Work instructions: No pictures go in the copy. Restate, word for word, each line from the one containing "Dell Precision Tower" through the last line below.

Data provided section start

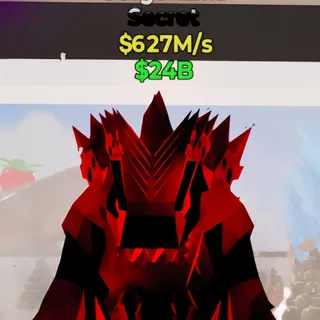 Fortnite Steal the Brainrot Gorgonzilla Darkness 627M/s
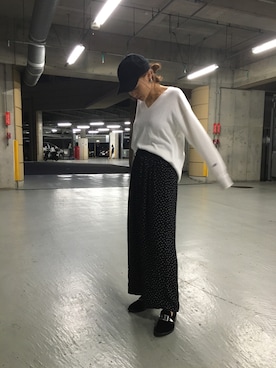 野尻美穂さんのコーディネート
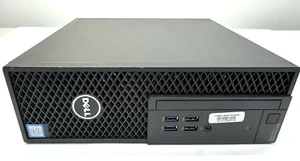 Dell Precision Tower 3420 PC Computer, Intel Core i7-7700 3.60GHz, 32GB RAM (3) - Picture 1 of 7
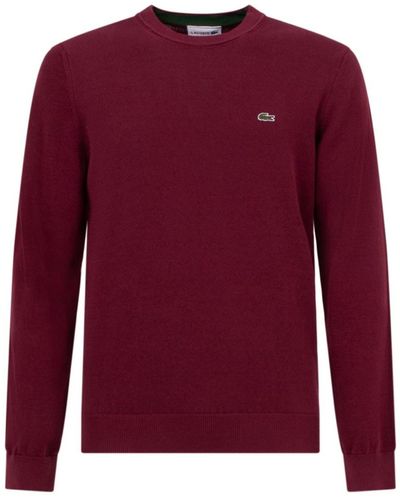 Lacoste Pullover - Rot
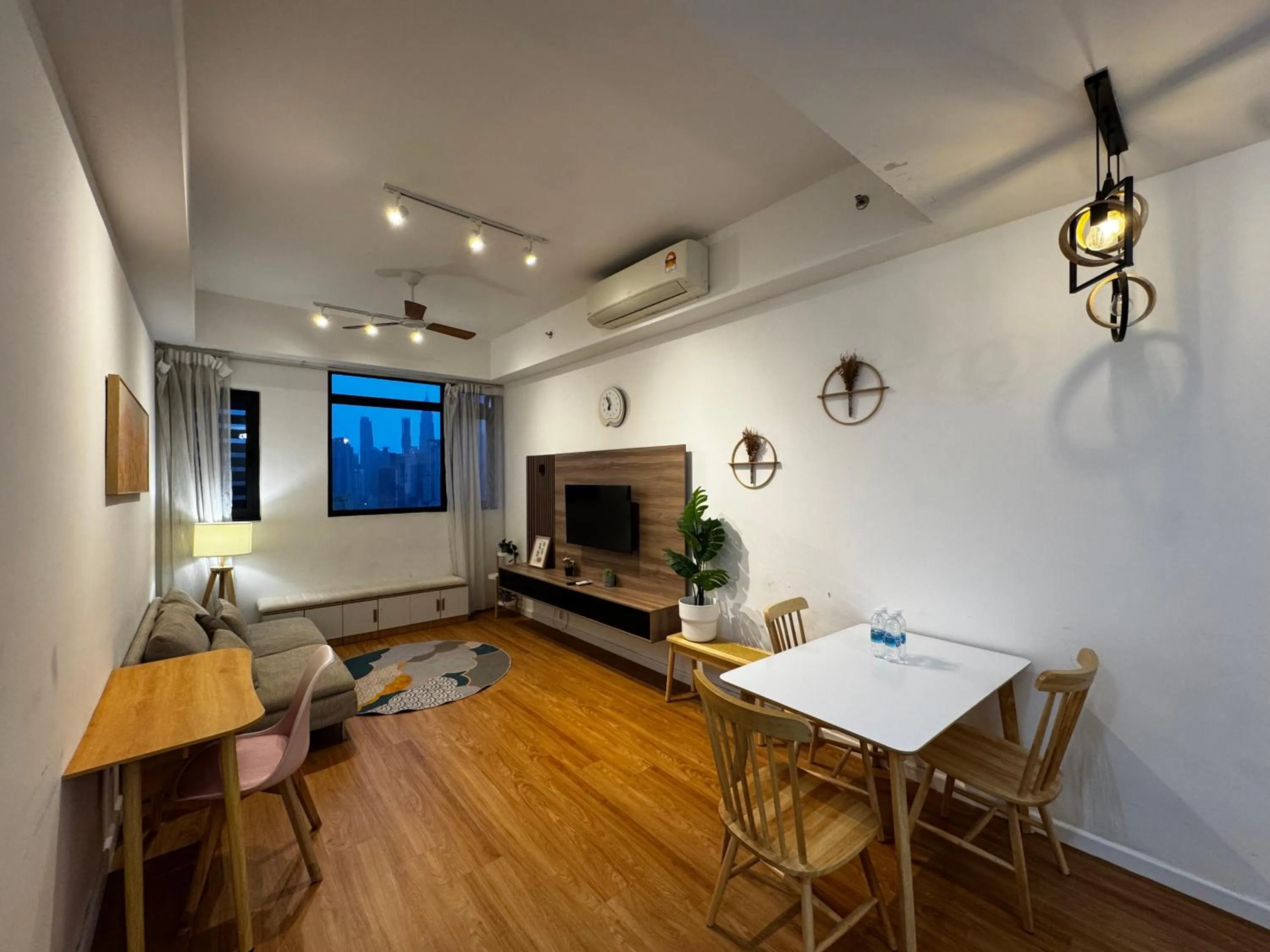 Living room in Chambers Suites KL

Data provided section end

Task response:
 Dell Precision Tower 3420 PC Computer, Intel Core i7-7700 3.60GHz, 32GB RAM (3) - Picture 1 of 7
 Lacoste Pullover - Rot
 Living room in Chambers Suites KL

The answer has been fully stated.